🤖 AI Summary
This work investigates the distinct mechanistic effects of reinforcement learning from verifiable reasoning (RLVR) and knowledge distillation on LLM reasoning accuracy and capability. Methodologically, we employ fine-grained difficulty-stratified evaluation coupled with joint analysis of response quality, length, and keyword coverage. Results show that RLVR improves accuracy only on easy questions but significantly degrades performance on the hardest ones, yielding no net capability gain; its benefit stems from generating novel high-quality responses—not probability calibration. In contrast, distillation enhances both accuracy and capability only when introducing genuinely new knowledge; otherwise, it replicates RLVR’s difficulty trade-off.

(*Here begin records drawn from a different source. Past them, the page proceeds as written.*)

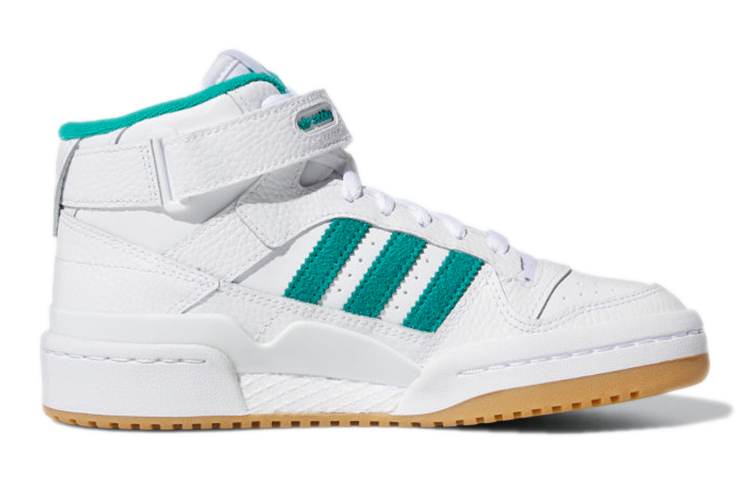 Order (JR) adidas Originals Forum Mid 'Awan Putih Glory Hijau' Kasut H00733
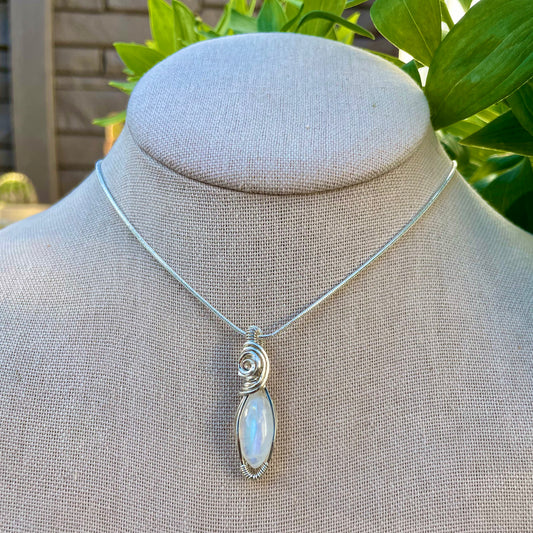 Moonstone “New Beginnings” Mini Pendant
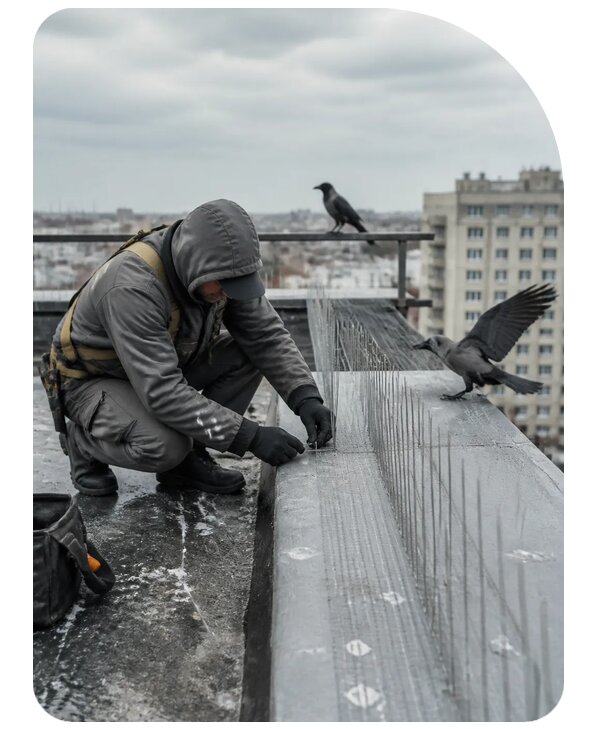 Защита от ворон под ключ в Челябинске по цене от 5156 р. | Сенат-Члб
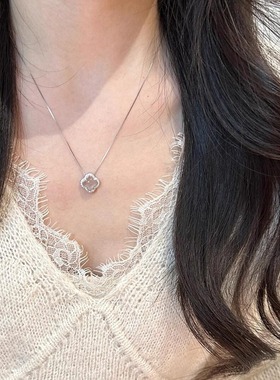 中国黄金玉髓纯银项链女款冰透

This study is the first to characterize the fundamental boundaries of these two paradigms, proposing a difficulty-aware evaluation framework. It delivers interpretable mechanistic insights into LLM reasoning optimization and provides actionable guidance for practitioners.
📝 Abstract
Recent studies have shown that reinforcement learning with verifiable rewards (RLVR) enhances overall accuracy but fails to improve capability, while distillation can improve both. In this paper, we investigate the mechanisms behind these phenomena. First, we demonstrate that RLVR does not improve capability because it focuses on improving the accuracy of the less-difficult questions to the detriment of the accuracy of the most difficult questions, thereby leading to no improvement in capability. Second, we find that RLVR does not merely increase the success probability for the less difficult questions, but in our small model settings produces quality responses that were absent in its output distribution before training. In addition, we show these responses are neither noticeably longer nor feature more reflection-related keywords, underscoring the need for more reliable indicators of response quality. Third, we show that while distillation reliably improves accuracy by learning strong reasoning patterns, it only improves capability when new knowledge is introduced. Moreover, when distilling only with reasoning patterns and no new knowledge, the accuracy of the less-difficult questions improves to the detriment of the most difficult questions, similar to RLVR. Together, these findings offer a clearer understanding of how RLVR and distillation shape reasoning behavior in language models.